That year, he led the NL with 110 RBIs. He finished second in the NL with a .367 batting average, a .545 slugging percentage, 11 home runs, 59 extra-base hits, and 297 total bases. He also engaged in a fistfight with Lajoie that caused Lajoie to miss five weeks due to a broken thumb. The race for the batting title came down to the end of the season. The title winner, Honus Wagner, later said, "I've had a lot of thrills, but don't think I was ever happier than in 1900 when I won after battling Elmer Flick to the last day of the season for the title."

Flick was one of many star NL players who jumped to the fledgling American League (AL) after the 1901 season, playing for the crosstown Philadelphia Athletics. Flick played in 11 games for the Athletics, before the Phillies obtained an injunction from the Pennsylvania Supreme Court prohibiting any player under contract with the Phillies from playing for another team. Though this injunction named Lajoie, Bill Bernhard, and Chick Fraser only, it still applied to Flick as well. As a recourse, Flick and teammate Lajoie signed instead with the Cleveland Naps, as the Pennsylvania injunction could not be enforced in Ohio. The two players often traveled separately from their teammates for the next year, never setting foot in Pennsylvania in order to avoid a subpoena. Flick spent the remainder of his career in Cleveland, and the contract dispute was resolved when the leagues made peace in September 1903 with the National Agreement.

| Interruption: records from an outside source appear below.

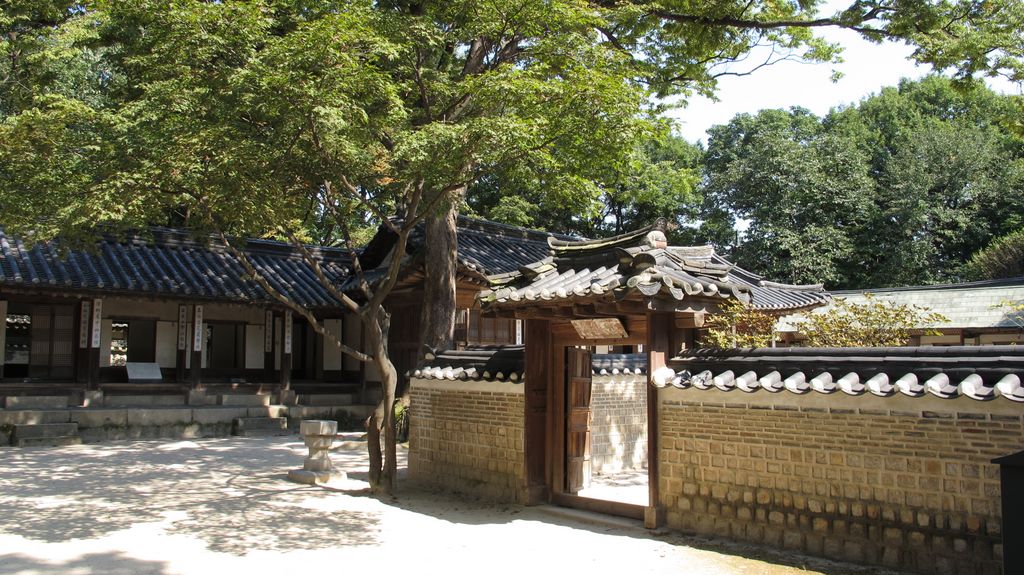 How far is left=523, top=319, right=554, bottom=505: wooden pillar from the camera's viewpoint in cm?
988

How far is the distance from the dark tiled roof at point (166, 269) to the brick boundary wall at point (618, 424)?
10.0m

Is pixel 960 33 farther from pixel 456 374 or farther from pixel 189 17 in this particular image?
pixel 189 17

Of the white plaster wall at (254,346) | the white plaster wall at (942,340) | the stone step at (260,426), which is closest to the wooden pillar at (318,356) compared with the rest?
the white plaster wall at (254,346)

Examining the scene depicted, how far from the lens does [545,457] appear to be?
10.0 m

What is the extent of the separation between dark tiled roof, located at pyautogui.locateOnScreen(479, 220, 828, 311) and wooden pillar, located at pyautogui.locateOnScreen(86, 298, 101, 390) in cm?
1306

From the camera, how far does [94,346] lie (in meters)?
18.8

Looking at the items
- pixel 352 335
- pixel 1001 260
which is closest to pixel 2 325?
pixel 352 335

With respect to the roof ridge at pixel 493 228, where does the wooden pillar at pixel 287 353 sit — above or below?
below

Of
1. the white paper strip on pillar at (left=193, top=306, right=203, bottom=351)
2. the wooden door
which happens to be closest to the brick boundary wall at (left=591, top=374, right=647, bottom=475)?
the wooden door

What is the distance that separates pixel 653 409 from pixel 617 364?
13.1ft

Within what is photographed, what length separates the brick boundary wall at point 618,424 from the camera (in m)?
12.5

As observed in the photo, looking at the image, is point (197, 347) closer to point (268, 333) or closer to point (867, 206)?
point (268, 333)

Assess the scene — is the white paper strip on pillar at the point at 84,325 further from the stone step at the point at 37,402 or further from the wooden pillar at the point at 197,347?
the wooden pillar at the point at 197,347

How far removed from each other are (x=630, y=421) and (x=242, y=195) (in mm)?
7162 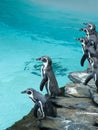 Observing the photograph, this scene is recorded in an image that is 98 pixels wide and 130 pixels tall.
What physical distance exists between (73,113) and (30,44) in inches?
275

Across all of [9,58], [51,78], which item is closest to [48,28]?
[9,58]

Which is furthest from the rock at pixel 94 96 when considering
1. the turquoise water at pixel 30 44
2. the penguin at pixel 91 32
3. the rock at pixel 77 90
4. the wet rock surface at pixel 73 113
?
the penguin at pixel 91 32

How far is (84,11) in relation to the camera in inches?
685

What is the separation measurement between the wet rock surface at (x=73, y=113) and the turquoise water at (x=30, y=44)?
111 cm

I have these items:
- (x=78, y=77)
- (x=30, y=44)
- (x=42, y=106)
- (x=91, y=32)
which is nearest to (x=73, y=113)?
(x=42, y=106)

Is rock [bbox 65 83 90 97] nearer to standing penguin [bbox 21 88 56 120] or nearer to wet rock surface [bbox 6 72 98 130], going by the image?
wet rock surface [bbox 6 72 98 130]

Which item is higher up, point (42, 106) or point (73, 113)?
point (42, 106)

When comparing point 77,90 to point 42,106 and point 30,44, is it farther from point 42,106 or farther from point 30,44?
point 30,44

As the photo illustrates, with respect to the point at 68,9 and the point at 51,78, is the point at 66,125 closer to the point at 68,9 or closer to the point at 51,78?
the point at 51,78

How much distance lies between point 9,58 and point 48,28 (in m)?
3.60

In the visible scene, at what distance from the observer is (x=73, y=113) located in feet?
23.9

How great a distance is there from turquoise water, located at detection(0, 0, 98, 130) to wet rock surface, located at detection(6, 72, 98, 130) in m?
1.11

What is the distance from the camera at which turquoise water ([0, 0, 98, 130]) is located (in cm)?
974

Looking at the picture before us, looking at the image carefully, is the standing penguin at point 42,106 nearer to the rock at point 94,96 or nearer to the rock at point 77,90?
the rock at point 94,96
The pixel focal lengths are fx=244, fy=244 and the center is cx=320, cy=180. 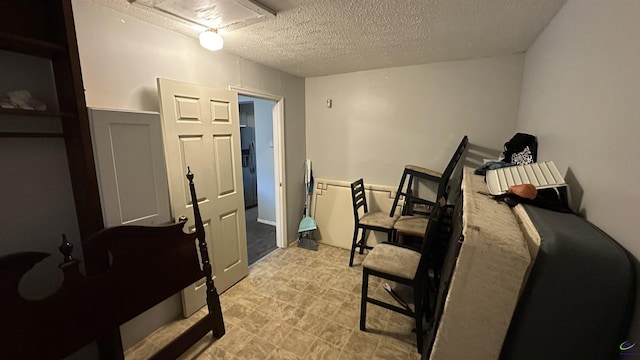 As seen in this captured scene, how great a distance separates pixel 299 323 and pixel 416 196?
6.38ft

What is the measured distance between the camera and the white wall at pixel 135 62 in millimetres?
1474

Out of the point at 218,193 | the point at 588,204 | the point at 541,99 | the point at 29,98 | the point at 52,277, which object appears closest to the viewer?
the point at 588,204

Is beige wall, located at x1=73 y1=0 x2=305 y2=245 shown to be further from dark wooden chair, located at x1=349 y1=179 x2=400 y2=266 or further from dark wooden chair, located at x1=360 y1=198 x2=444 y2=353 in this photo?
dark wooden chair, located at x1=360 y1=198 x2=444 y2=353

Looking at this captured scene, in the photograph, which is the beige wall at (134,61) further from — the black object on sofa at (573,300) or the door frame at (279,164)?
the black object on sofa at (573,300)

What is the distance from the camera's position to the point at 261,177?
429cm

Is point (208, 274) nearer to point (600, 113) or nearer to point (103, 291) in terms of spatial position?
point (103, 291)

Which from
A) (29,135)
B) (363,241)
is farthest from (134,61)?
(363,241)

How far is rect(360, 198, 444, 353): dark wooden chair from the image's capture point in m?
1.62

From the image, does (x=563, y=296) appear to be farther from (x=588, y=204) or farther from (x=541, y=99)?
(x=541, y=99)

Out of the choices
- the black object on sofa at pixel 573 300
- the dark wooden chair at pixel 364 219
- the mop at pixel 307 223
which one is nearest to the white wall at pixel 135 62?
the mop at pixel 307 223

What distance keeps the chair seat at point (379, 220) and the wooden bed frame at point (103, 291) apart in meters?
1.76

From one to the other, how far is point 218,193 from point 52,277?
1172mm

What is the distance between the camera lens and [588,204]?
0.97m

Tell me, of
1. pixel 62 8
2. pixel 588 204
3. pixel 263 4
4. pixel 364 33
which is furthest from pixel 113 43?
pixel 588 204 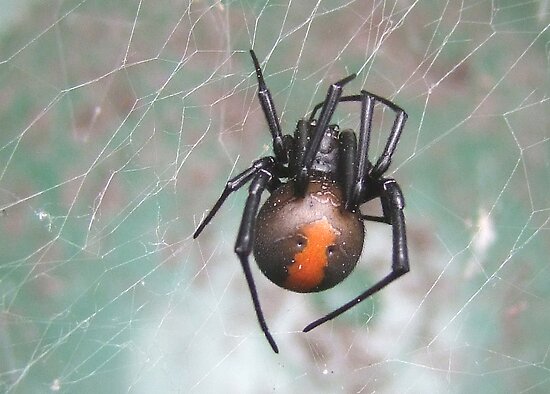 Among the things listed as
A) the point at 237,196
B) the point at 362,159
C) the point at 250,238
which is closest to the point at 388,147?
the point at 362,159

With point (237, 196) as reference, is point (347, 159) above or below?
above

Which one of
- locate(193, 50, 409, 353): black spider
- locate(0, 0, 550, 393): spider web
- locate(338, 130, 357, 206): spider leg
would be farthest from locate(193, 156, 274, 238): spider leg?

On July 6, 1902, Flick hit three triples in one game. Between 1900 and 2010, 49 players accomplished that feat. By early 1904, Flick did not want to re-sign with Cleveland for the offered $2,500 ($ in current dollar terms). Plans were being made to run a railroad through a corner of Flick's farm and Flick hoped to hire some of his horses to the construction team. "After July 4, my farm work will be along so that I will be able to give considerable attention to independent ball", he said.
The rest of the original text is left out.